Re: double writes using "double-write buffer" approach [WIP]

From: Dan Scales <scales(at)vmware(dot)com>
To: Robert Haas <robertmhaas(at)gmail(dot)com>
Cc: PG Hackers <pgsql-hackers(at)postgresql(dot)org>
Subject: Re: double writes using "double-write buffer" approach [WIP]
Date: 2012-02-03 20:14:29
Message-ID: 1134198121.1082096.1328300069338.JavaMail.root@zimbra-prod-mbox-4.vmware.com
Views: Raw Message | Whole Thread | Download mbox | Resend email
Thread:
Lists: pgsql-hackers

Hi Robert,

Thanks for the feedback! I think you make a good point about the small size of dirty data in the OS cache. I think what you can say about this double-write patch is that it will work not work well for configurations that have a small Postgres cache and a large OS cache, since every write from the Postgres cache requires double-writes and an fsync. However, it should work much better for configurations with a much large Postgres cache and relatively smaller OS cache (including the configurations that I've given performance results for). In that case, there is a lot more capacity for dirty pages in the Postgres cache, and you won't have nearly as many dirty evictions. The checkpointer is doing a good number of the writes, and this patch sorts the checkpointer's buffers so its IO is efficient.

Of course, I can also increase the size of the non-checkpointer ring buffer to be much larger, though I wouldn't want to make it too large, since it is consuming memory. If I increase the size of the ring buffers significantly, I will probably need to add some data structures so that the ring buffer lookups in smgrread() and smgrwrite() are more efficient.

Can you let me know what the shared_buffers and RAM sizes were for your pgbench run? I can try running the same workload. If the size of shared_buffers is especially small compared to RAM, then we should increase the size of shared_buffers when using double_writes.

Thanks,

Dan

----- Original Message -----
From: "Robert Haas" <robertmhaas(at)gmail(dot)com>
To: "Dan Scales" <scales(at)vmware(dot)com>
Cc: "PG Hackers" <pgsql-hackers(at)postgresql(dot)org>
Sent: Thursday, February 2, 2012 7:19:47 AM
Subject: Re: [HACKERS] double writes using "double-write buffer" approach [WIP]

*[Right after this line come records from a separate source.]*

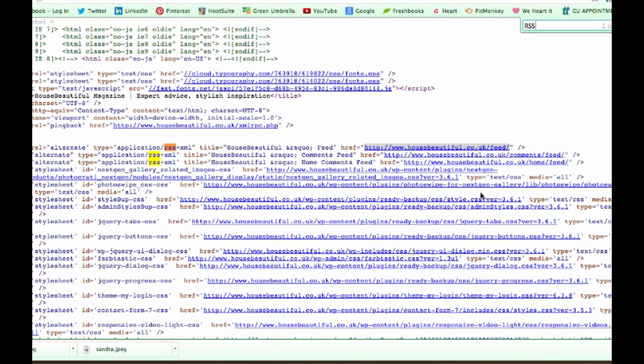So please make sure you're looking at that carefully. That's how you find an RSS URL within any website address. Thanks very much!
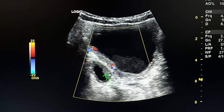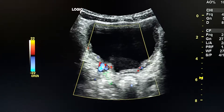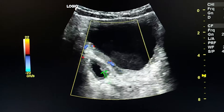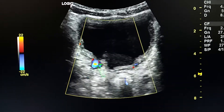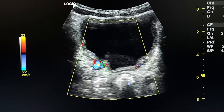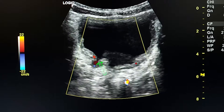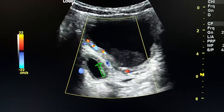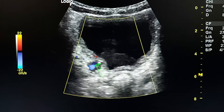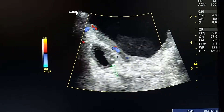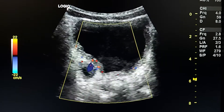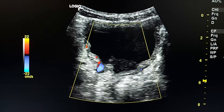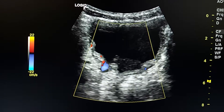By color Doppler and compression on the urinary bladder, we see flow in and out from the diverticulum. The flow towards the diverticulum is shown in red, and the flow out of it is shown in blue. This confirms that this cystic lesion is a diverticulum with a narrow neck.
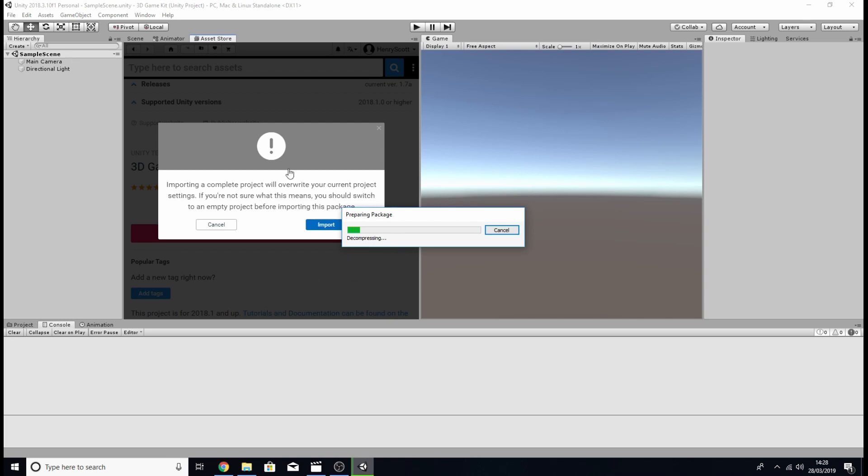You may have had a warning message like I got here that's just suggesting that you import this project into a blank 3D Unity project which is what we've done.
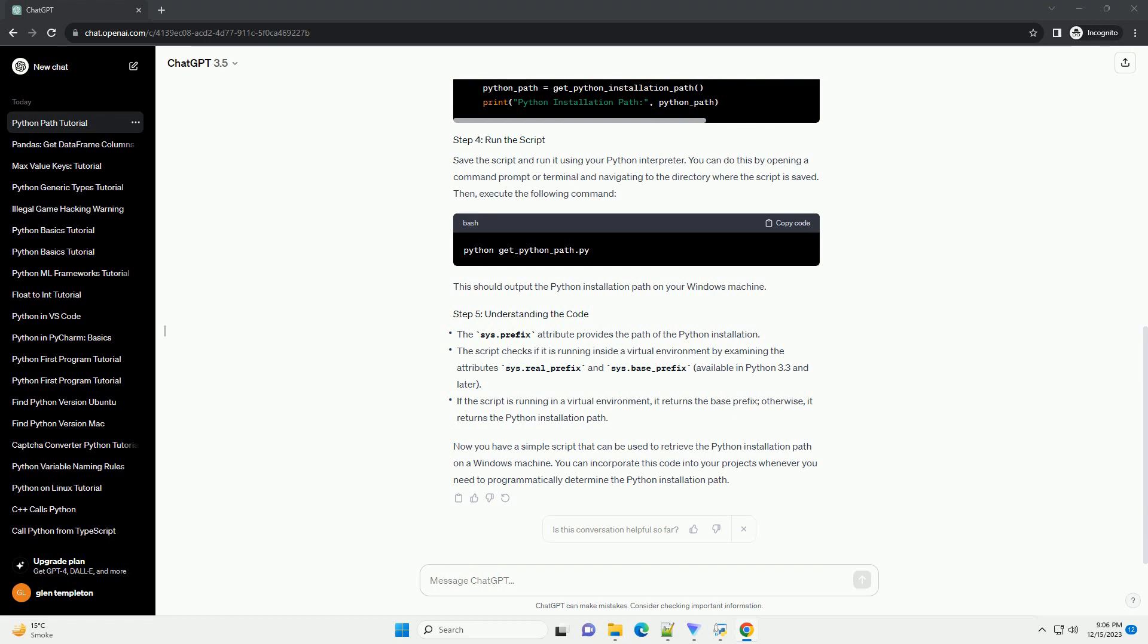Now, let's write the Python code to get the Python installation path on Windows. We'll use the sys module, which is part of the Python standard library, to access system-specific parameters and functions.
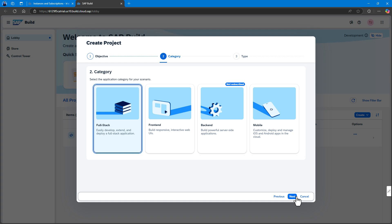You can provide the application with a desktop or a mobile UI. Frontend allows you to build UI using Freestyle SAPUI5 or SAP Fiori elements. Or finally, select Mobile which is used to customize, deploy and manage your iOS or Android apps in the cloud.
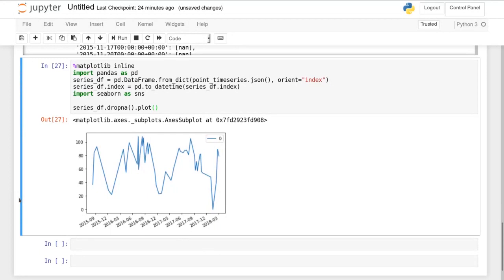As you can see we got results starting in 2015 and ending now in 2018 and we see a nice time series containing some seasonality.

On Fri, Jan 27, 2012 at 5:31 PM, Dan Scales <scales(at)vmware(dot)com> wrote:
> I've been prototyping the double-write buffer idea that Heikki and Simon
> had proposed (as an alternative to a previous patch that only batched up
> writes by the checkpointer).  I think it is a good idea, and can help
> double-writes perform better in the case of lots of backend evictions.
> It also centralizes most of the code change in smgr.c.  However, it is
> trickier to reason about.

This doesn't compile on MacOS X, because there's no writev().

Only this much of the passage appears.